Biochemistry Of Addiction, Depression And More


By Rev. Suka Chapel-Horst, PhD, RN, QMHP


SukaI first realized I was different when I arrived in kindergarten. Growing up, being different was painful and lonely. When I became an RN at age 38, so I could support my children following a divorce, I quickly caught on to the wide gap between the medical establishment and my belief system.
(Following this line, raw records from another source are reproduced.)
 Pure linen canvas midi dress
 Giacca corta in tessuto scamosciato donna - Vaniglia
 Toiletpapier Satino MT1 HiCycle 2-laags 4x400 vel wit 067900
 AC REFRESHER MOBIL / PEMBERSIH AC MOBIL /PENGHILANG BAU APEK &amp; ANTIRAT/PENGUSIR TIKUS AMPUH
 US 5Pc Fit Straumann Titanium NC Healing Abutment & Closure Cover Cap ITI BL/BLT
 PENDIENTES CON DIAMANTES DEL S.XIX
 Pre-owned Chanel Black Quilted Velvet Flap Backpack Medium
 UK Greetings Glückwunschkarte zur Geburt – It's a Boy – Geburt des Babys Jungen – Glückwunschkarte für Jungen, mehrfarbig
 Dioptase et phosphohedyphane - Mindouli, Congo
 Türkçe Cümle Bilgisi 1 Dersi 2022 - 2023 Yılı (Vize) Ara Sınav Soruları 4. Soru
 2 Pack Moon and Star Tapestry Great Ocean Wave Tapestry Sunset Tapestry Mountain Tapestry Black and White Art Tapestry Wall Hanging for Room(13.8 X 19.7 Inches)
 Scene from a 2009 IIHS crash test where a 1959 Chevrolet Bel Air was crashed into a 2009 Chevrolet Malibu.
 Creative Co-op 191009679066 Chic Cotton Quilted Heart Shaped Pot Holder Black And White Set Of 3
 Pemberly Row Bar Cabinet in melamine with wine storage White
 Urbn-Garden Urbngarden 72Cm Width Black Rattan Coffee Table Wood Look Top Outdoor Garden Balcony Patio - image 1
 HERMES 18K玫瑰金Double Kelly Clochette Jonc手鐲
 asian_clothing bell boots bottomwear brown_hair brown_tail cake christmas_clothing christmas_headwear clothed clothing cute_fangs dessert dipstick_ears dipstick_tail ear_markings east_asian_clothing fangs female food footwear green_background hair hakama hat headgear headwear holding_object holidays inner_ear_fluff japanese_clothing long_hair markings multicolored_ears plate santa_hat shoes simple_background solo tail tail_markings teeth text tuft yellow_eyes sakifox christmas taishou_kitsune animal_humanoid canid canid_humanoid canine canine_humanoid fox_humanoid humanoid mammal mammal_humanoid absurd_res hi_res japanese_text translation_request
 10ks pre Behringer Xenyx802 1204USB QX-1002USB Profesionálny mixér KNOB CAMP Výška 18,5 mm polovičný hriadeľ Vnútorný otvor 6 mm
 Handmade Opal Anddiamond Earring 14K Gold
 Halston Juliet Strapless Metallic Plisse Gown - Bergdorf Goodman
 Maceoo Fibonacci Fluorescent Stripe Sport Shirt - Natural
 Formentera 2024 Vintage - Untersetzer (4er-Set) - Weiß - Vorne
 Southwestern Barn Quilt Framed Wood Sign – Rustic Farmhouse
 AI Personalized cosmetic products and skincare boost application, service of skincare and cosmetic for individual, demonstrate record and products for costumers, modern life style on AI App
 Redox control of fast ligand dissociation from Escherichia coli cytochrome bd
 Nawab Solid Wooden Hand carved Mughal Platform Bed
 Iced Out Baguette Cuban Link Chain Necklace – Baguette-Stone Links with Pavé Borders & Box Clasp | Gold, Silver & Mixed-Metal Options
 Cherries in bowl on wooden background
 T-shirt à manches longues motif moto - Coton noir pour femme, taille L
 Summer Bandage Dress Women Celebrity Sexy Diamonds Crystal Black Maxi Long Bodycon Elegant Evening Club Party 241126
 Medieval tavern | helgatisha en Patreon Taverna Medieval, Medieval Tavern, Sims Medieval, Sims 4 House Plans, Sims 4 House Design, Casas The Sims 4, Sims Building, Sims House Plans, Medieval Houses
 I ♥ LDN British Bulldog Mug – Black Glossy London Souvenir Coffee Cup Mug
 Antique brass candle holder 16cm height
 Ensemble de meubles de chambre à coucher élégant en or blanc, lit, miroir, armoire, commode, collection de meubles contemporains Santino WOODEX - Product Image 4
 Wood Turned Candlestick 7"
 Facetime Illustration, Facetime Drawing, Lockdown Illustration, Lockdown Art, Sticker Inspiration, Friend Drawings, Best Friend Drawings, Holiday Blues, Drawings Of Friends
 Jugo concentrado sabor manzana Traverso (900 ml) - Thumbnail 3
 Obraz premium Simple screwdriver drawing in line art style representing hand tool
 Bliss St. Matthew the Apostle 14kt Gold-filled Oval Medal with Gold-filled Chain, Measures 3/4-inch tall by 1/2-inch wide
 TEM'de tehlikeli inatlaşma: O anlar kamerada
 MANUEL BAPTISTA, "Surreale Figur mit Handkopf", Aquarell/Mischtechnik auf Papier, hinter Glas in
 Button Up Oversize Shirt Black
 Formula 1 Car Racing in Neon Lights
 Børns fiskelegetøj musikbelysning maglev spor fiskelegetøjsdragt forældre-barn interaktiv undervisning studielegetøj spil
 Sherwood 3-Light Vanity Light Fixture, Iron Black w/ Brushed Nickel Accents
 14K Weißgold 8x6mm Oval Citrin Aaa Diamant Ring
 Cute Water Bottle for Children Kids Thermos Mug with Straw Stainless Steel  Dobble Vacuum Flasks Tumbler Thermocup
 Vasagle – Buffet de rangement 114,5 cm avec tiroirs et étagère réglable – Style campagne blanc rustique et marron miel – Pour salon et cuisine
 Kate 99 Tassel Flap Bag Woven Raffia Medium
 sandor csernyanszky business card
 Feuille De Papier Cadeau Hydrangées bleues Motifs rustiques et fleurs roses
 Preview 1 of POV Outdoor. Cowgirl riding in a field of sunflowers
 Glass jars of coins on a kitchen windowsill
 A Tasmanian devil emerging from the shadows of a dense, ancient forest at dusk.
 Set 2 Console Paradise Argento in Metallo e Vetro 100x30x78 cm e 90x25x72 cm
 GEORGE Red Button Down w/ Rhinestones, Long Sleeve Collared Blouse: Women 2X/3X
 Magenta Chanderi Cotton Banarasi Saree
The first inkling came as a new nurse working on a mental health unit. In those days people stayed on these units for up to three months thanks to generous insurance coverage. I had gotten to know a woman whose physician husband had placed her on our unit many times for depression. After her release she would be readmitted within another few months for another bout of depression. After many discussions, I introduced her to the concept of positive thinking, hardly considered medically therapeutic for clinical depression. She bought a set of cassette tapes on affirmations from me. A year later I got a telephone call from the former patient. She had divorced her husband, moved to another state, successfully returned to her field of journalism, found a positive thinking church, and was completely happy and free of all depression. She asked to meet me for lunch and presented me with a handwoven Navajo rug filled with colorful birds. It hangs over my desk to this day. And that was only the beginning.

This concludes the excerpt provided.